It also probes for optional integrations (.claude/knowledge/charter/, .se/) and reports whether they were detected. Neither is required.

Commit the initialization separately from product changes:

cd /path/to/target-repo
git add .centaur CLAUDE.md .gitignore
git commit -m "chore: initialize centaur"

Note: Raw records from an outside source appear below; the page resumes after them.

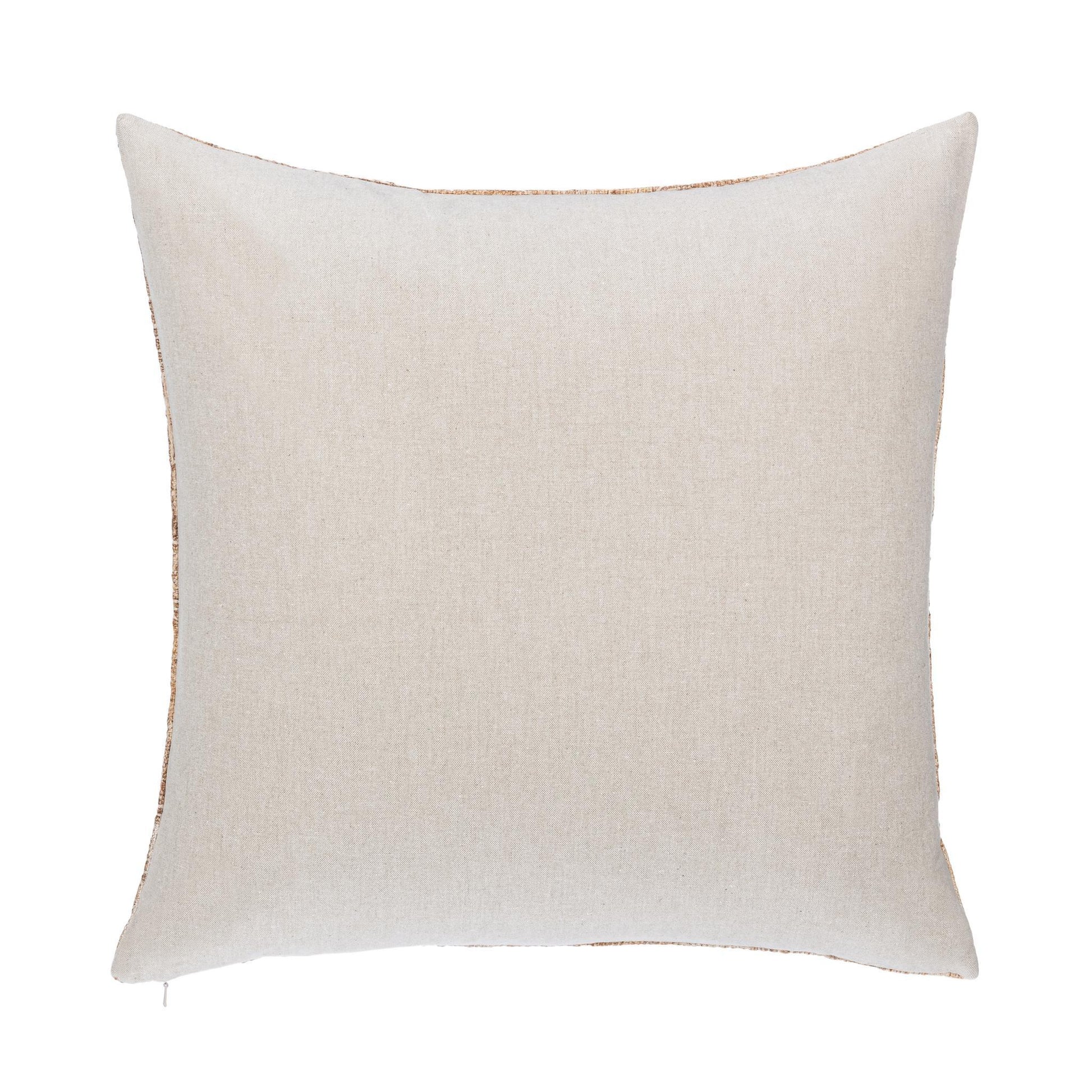 LN Rev Caramel 22x22 Throw Pillow - Ornate Home
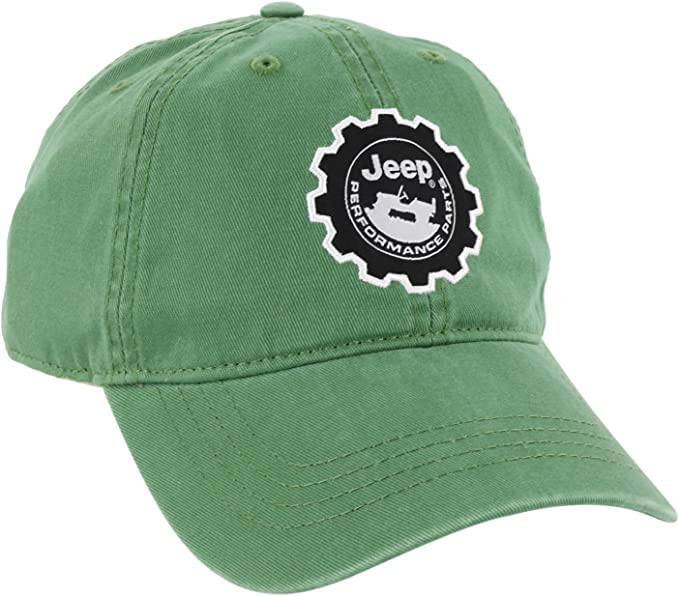 Foto 2 pulgar | Gorra De Béisbol Jeep Performance Parts De Sarga Verde Unisex - Venta Internacional.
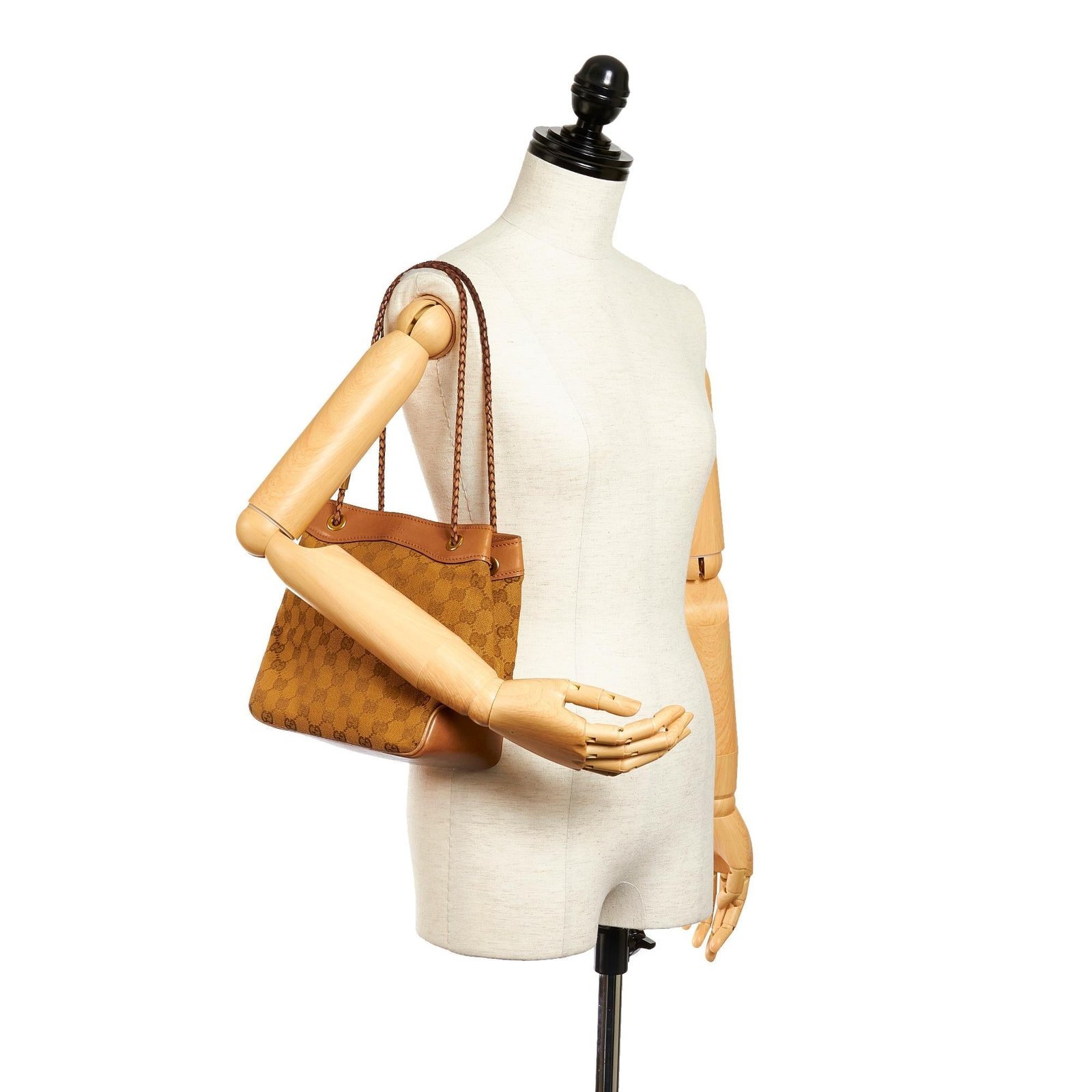 Gucci GG Canvas Gifford Shoulder Bag - Image 5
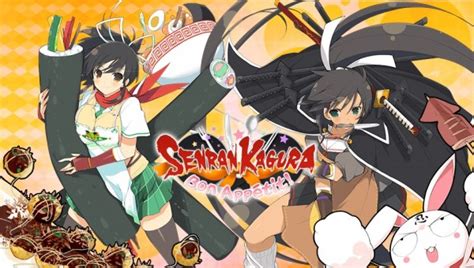 Is a rhythm cooking game available for the playstation vita, in which the goal is to win a cooking competition. Dream Games: SENRAN KAGURA Bon Appetit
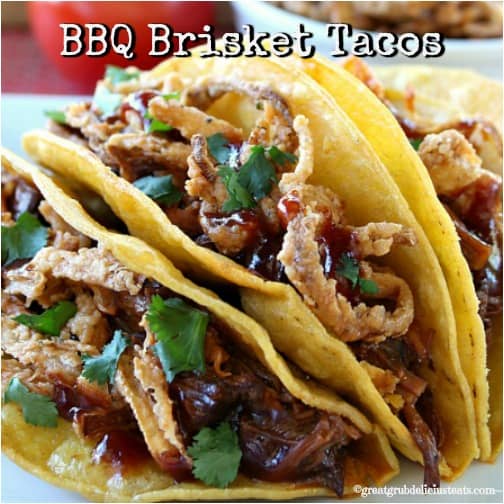 BBQ Brisket Tacos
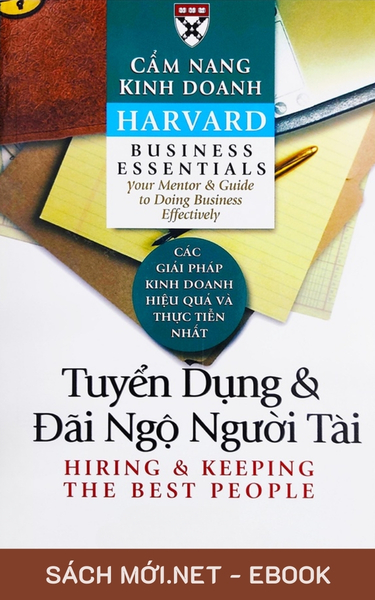Tải ebook Tuyển Dụng Và Đãi Ngộ Người Tài PDF/MOBI/EPUB/AZW3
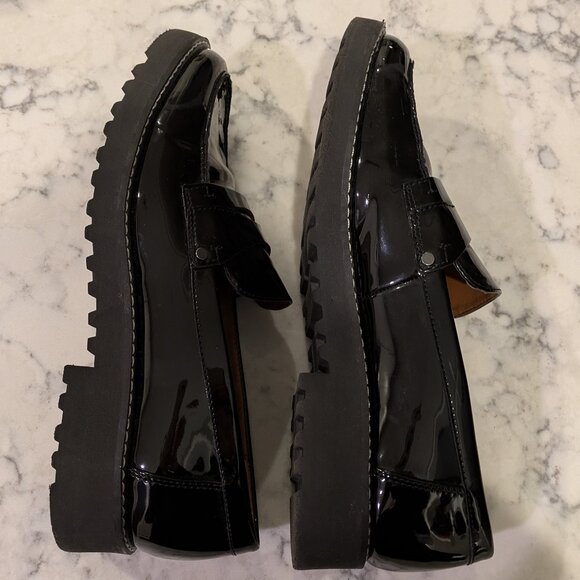 Franco Sarto Balin Lug Sole Penny Loafer, Size 8.5 - Picture 1 of 3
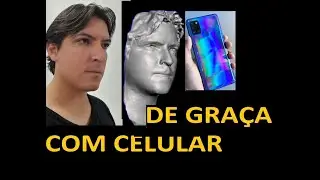 Como Fazer Scan de Face com Celular de Graça
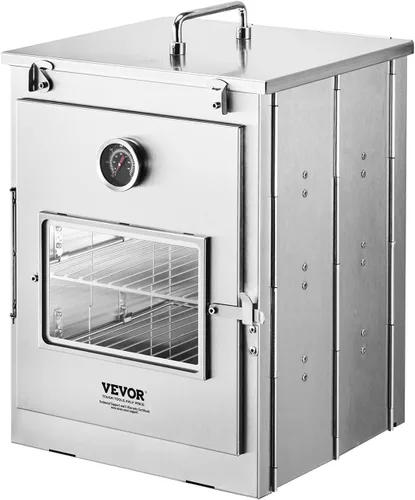 Vista 10 de VEVOR Horno microondas comercial, 0.9 pies cúbicos, 1000W Horno microondas digital de acero inoxidable para encimera con pantalla táctil, 10 ajustes
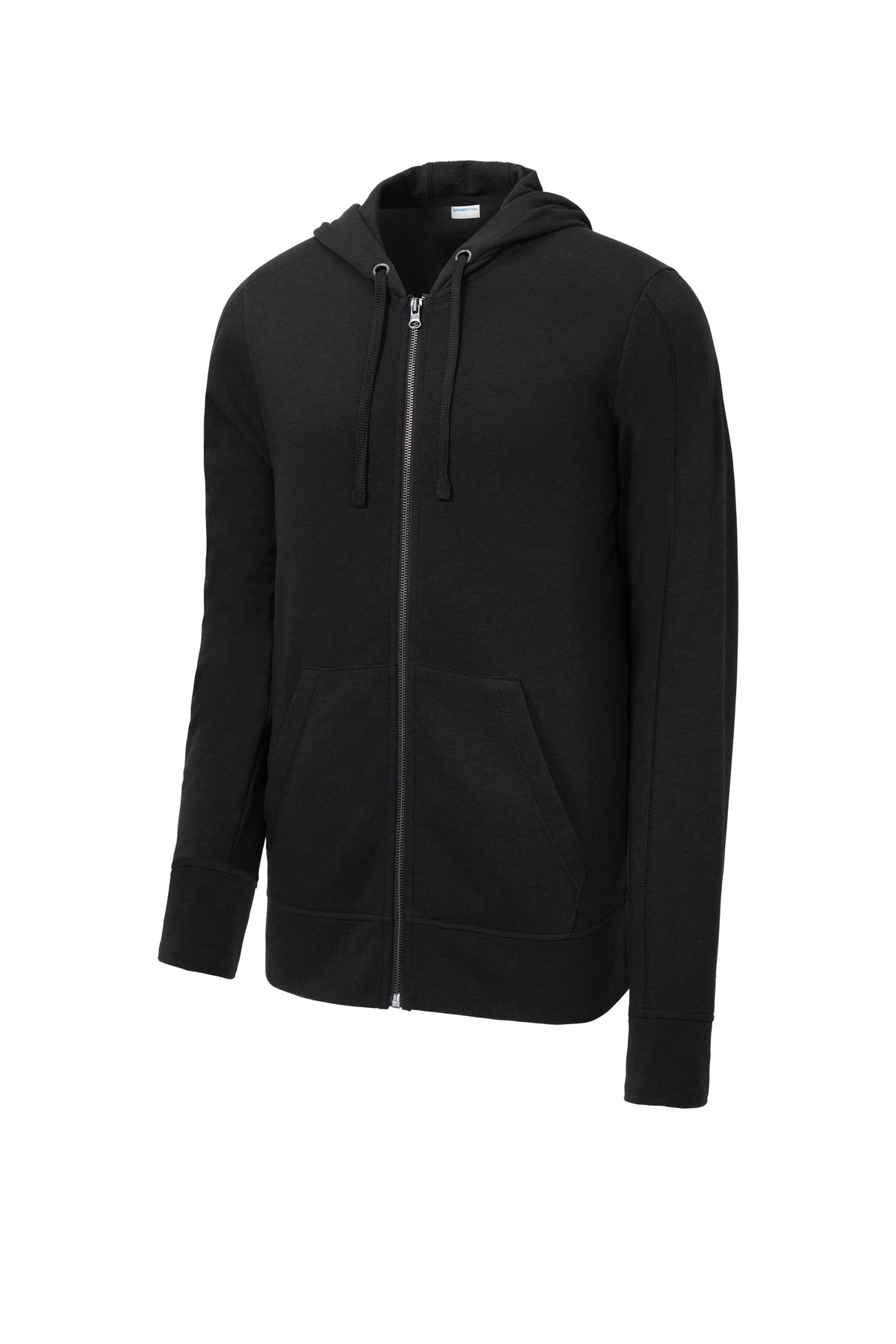 Sport-Tek ST293 Tek  PosiCharge  Tri-Blend Wicking Fleece Full-Zip Hooded Jacket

Then, inside a Codex or Claude Code session, drive the skills conversationally:

Use centaur-contract to define scope for the next feature.
Use centaur-check on the current diff.
Use centaur-coach to debug this failing test.
Use centaur-health to audit AI-readiness.
Use centaur-drill boundary for a synthetic review drill.
Use centaur-stats to summarize the last 7 days.

Command Reference

All scripts live under scripts/ and accept an optional target directory (defaulting to .):

bash scripts/centaur-init.sh           [--with-hooks]            [<dir>]
bash scripts/centaur-check.sh          [--staged|--all] [--ast]  [<dir>]
bash scripts/centaur-health.sh                                   [<dir>]
bash scripts/centaur-drill.sh          <boundary|inverted-condition|null-handling>
bash scripts/centaur-install-hooks.sh                            [<dir>]
bash scripts/centaur-stats.sh          [--days N]                [<dir>]
bash scripts/centaur-ast-check.sh      <file> [<file> ...]
bash scripts/validate-plugin.sh

Notable flags:

centaur-check --staged — score only staged files (this is what the pre-commit hook and GitHub Action use).
centaur-check --all — include modified, staged, and untracked files (default).
centaur-check --ast — use Python's ast module (and comment/string stripping for other languages) to confirm sensitive-domain matches. Downgrades false positives where the filename has a sensitive keyword but the content does not.
centaur-stats --days N — change the lookback window from the 7-day default.

Optional Integrations

Pre-commit hook

Install the hook to block high-risk diffs locally:

bash scripts/centaur-install-hooks.sh /path/to/target-repo

The hook:

runs centaur-check --staged on every commit
exits non-zero (blocks the commit) when risk meets the threshold (high by default)
backs up any existing pre-commit hook to pre-commit.centaur-backup.<timestamp>

Override the threshold for a single commit:

CENTAUR_FAIL_ON=medium git commit -m "..."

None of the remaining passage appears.